The UNHRC’s own resolutions reveal this contradiction with almost embarrassing clarity: they recall the importance of universality and impartiality while simultaneously renewing the one mechanism that violates both. The hypocrisy is not subtle. It is structural, deliberate, and sustained.
The Council’s posture becomes even more untenable when it condemns Eritrea for “lack of cooperation,” despite openly acknowledging that its Special Rapporteur operates without access to the country and relies on unverified allegations. The UN demands cooperation to verify claims, but uses the absence of cooperation to justify relying on unverifiable claims. This is not a methodology; it is a circular logic that sustains the mandate by design.
The Special Rapporteur cannot enter Eritrea; therefore, the mandate must continue because the Special Rapporteur has not entered Eritrea. This is the kind of reasoning that would be dismissed in any serious investigative framework, yet it is treated as legitimate within the UNHRC because it serves a political purpose. The Council has created a system in which Eritrea’s refusal to validate a biased mechanism becomes the justification for perpetuating that mechanism indefinitely. It is a self-reinforcing loop, a bureaucratic ouroboros that feeds on its own logic.
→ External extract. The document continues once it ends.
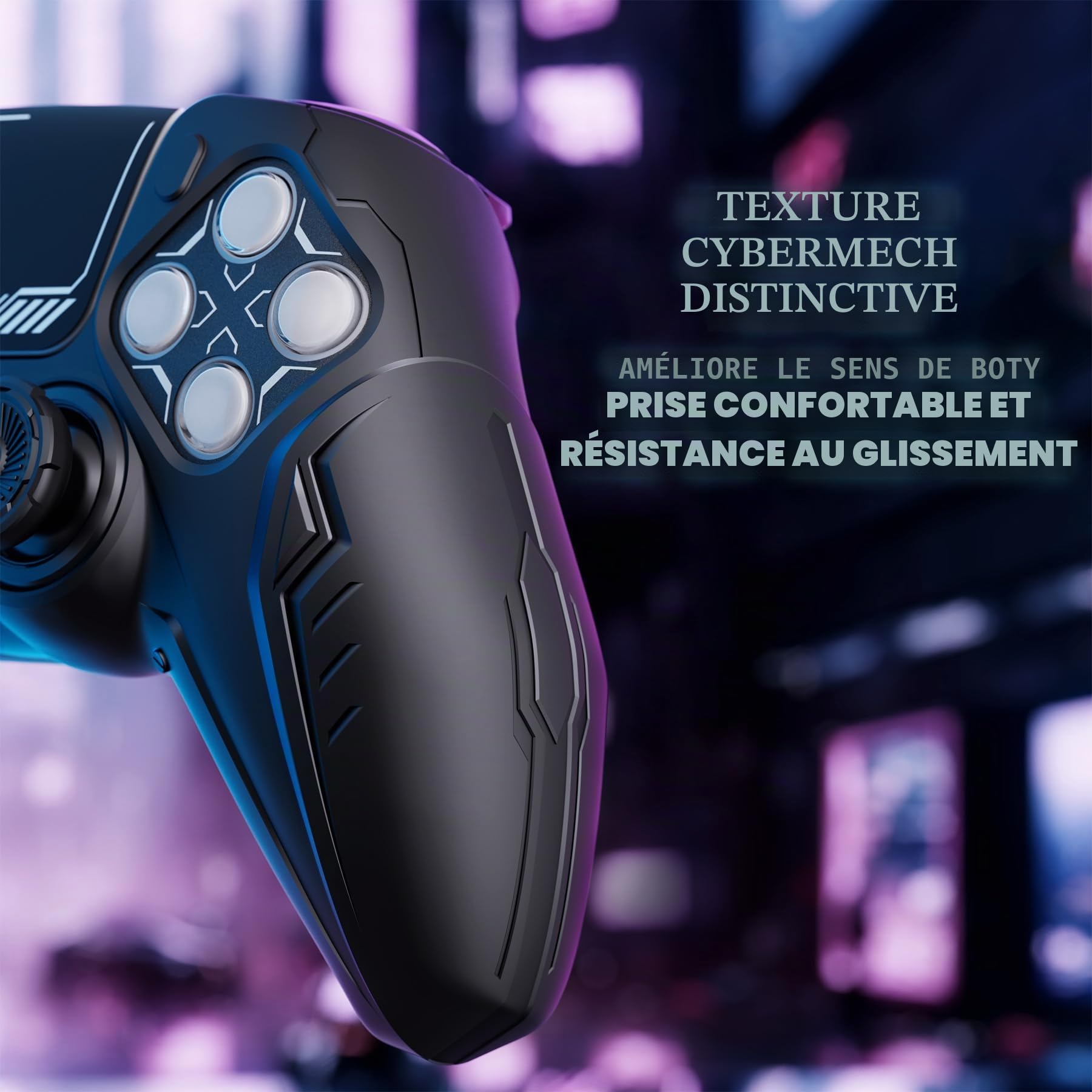 playvital pour ps5 Manette Coque Protection Accessoire avec Capuchon pour ps5 Controller Housse Silicone Cover Skin Compatible avec Station de Charge，Édition CyberMech 2 PCS-Noir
Advocacy organizations like Human Rights Watch and Amnesty International, which are not neutral investigators but political actors with explicit agendas, reinforce this loop by lobbying the Council to maintain the mandate and celebrating when Eritrea’s attempts to end it are defeated. These organizations are not disinterested observers; they are participants in the political process, shaping narratives, influencing resolutions, and providing the very allegations that the UNHRC then cites as evidence.
The UNHRC, instead of conducting independent verification, outsources its fact-finding to NGOs whose mission is to keep the mandate alive. The result is a self-referential ecosystem in which allegations justify the mandate, the mandate justifies the allegations, and the absence of access is treated as evidence rather than a methodological failure. The UNHRC’s Eritrea file is not an independent assessment; it is a collaborative construction between the Council and advocacy groups, each reinforcing the other’s conclusions.
Even on substantive issues, the UNHRC’s posture is riddled with contradictions. The Council condemns Eritrea’s national service as inherently abusive, yet acknowledges that compulsory national service is legal under international law and that Eritrea’s own law caps service at eighteen months. It further acknowledges that the government justifies extensions based on security conditions, which is also permitted under international law.
But instead of situating Eritrea’s policies within the region’s unique security environment, a region marked by war, sanctions, and existential threats, the UNHRC treats Eritrea’s national service as an aberration. The same institution that accepts compulsory service in dozens of countries suddenly treats Eritrea’s version as illegitimate, not because of legal standards but because of political narratives that have hardened into dogma.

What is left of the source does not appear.